Ahora bien, ¿puede decirse que las comunidades de las regiones del sur del Perú son del todo víctimas sin responsabilidad o imputabilidad alguna?. Creemos que no. Alguien debería responder por mistificar las cosmovisiones andinas, quechuas o aymaras. Cierta línea de la antropología postmoderna, la de la interculturalidad o de la inconmensurabilidad de las culturas, tendría que responder por alimentar un voluntarismo regresionista y en cierto modo, arcaizante en esas comunidades. Pero, al mismo tiempo, esas propias comunidades deben poder reivindicar su condición de interlocutores de la globalización, con todas sus consecuencias. para empezar, no son ni pueden asumirse a sí mismas, como entidades excluyentemente receptivas o destinatarias de atenciones por parte del estado y del resto del mundo. Ellas, esas comunidades, han elegido pasar a la condición de mayoría de edad, y merecen respeto. Parte de ese respeto, presupone un nivel de responsabilidad, de ciudadanía con todas sus consecuencias.
El estado peruano, de antiguo, no se ha portado bien con esas regiones y sus comunidades. Lo ha hecho mal, y de manera consistente. Hoy, parece empezar a pagar las consecuencias de esa pésima performance. Y de pasada, la factura afectará inevitablemente al conjunto del país. Por eso, solo por esa razón, el estado tiene la doble responsabilidad de conducir el actual estado de conflicto que moviliza a amplios sectores de la población del sur del Perú, hacia un camino de sinceramiento con las expectativas y posibilidades de desarrollo de esas regiones, y por extensión, de todo el país.
Lo que no se puede hacer, es tal como hacen algunos limeños frívolos, escamotear el fondo de la cuestión, tratando de presentar un panorama maniqueo con buenos puneños y malos puneños. Sostener o sugerir que las causas que desencadenan el conflicto en Puno responde a un nacionalismo distorsionado o alguna forma de perversión identitaria surgida en esas comunidades del sur, es tan ridícula como inconducente. Es perversamente discriminadora porque justamente apela, como lo hace la periodista Rosa María Palacios, a una seudo acusación de racismo, para desacreditarlos y descalificar las protestas contra la inercia minera que aspira a imponerse por la fuerza de los hechos en lugar de hacerlo por la vía del sentido común.

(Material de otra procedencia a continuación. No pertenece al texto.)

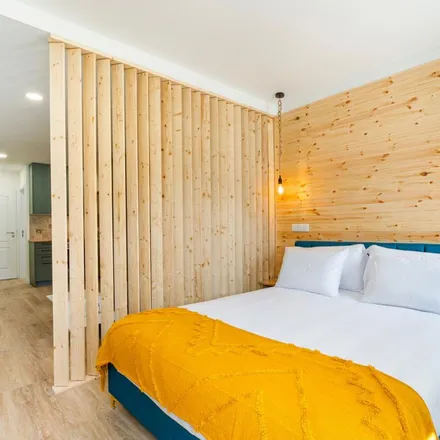 Rent this 1 bed apartment on Avenida da Liberdade 546 in 4710-249 Braga, Portugal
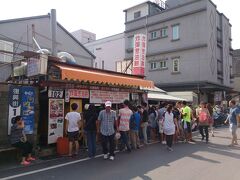 なんとなくまだ空腹感。
もう１つ花蓮名物を食べに来ました。
炸蛋葱油餅です。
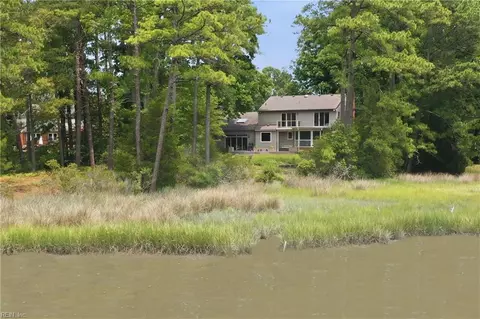 1101 N Inlynnview Rd, Virginia Beach, VA 23454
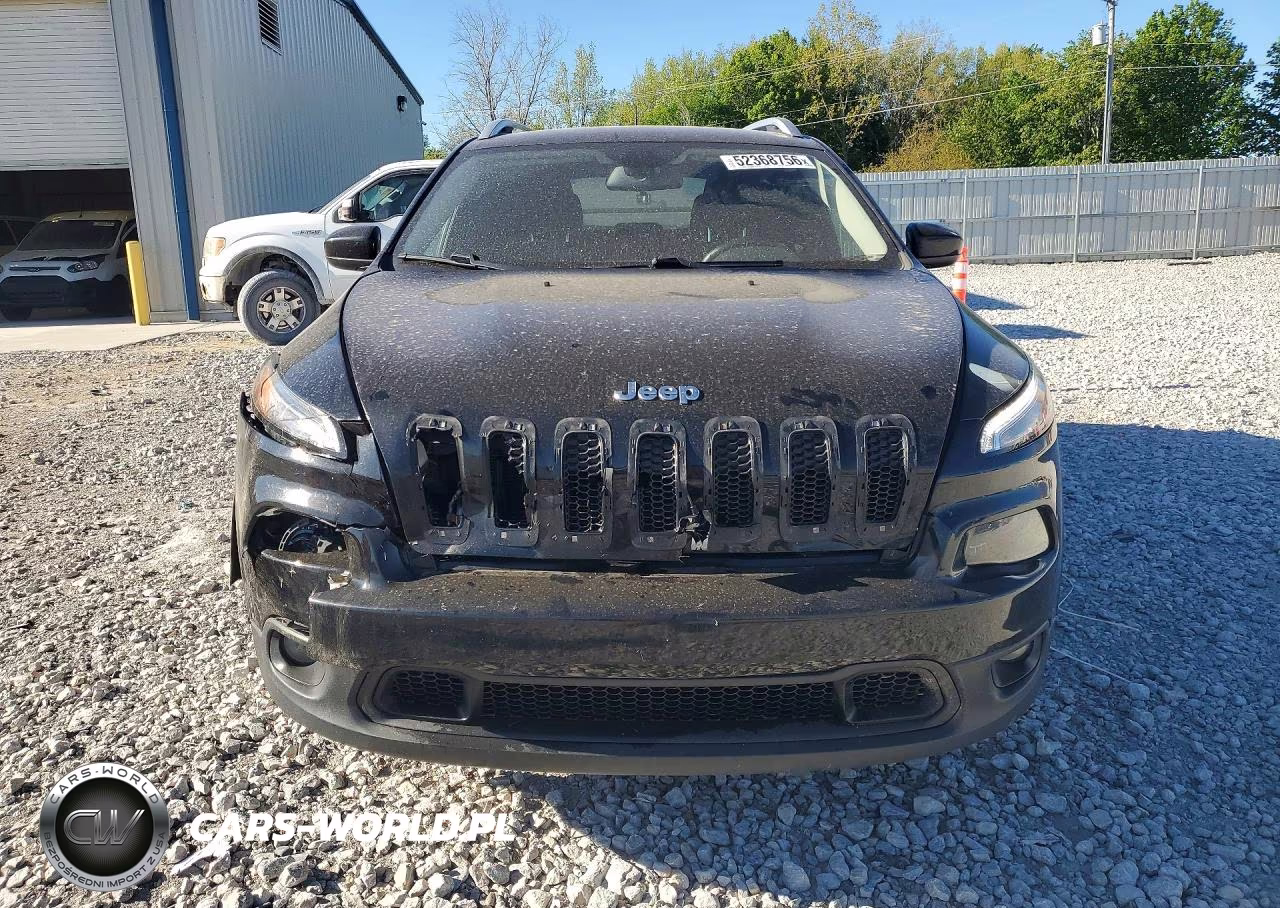 2017 Jeep Cherokee Latitude VIN:1C4PJMCS7HW563779 - 5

Una convulsión como la que está teniendo lugar en Puno, no solo desacredita a los radicales y extremistas delincuenciales, sino, además al oenegerismo irresponsable que a menudo juega al misionerito europeizado en ultramar, y termina distorsionando las cosmovisiones originarias y legítimas de las comunidades ancestrales, pero que eventualmente requerirán una adaptación a los tiemppos, y mejor si proviene de adentro de las propias comunidades.
De un lado, el estado tiene una clara responsabilidad en administrar con inteligencia y eficacia los problemas del sur del país, y las comunidades de ese sur peruano, tienen la responsabilidad de existir coherentemente en el mundo del siglo XXI.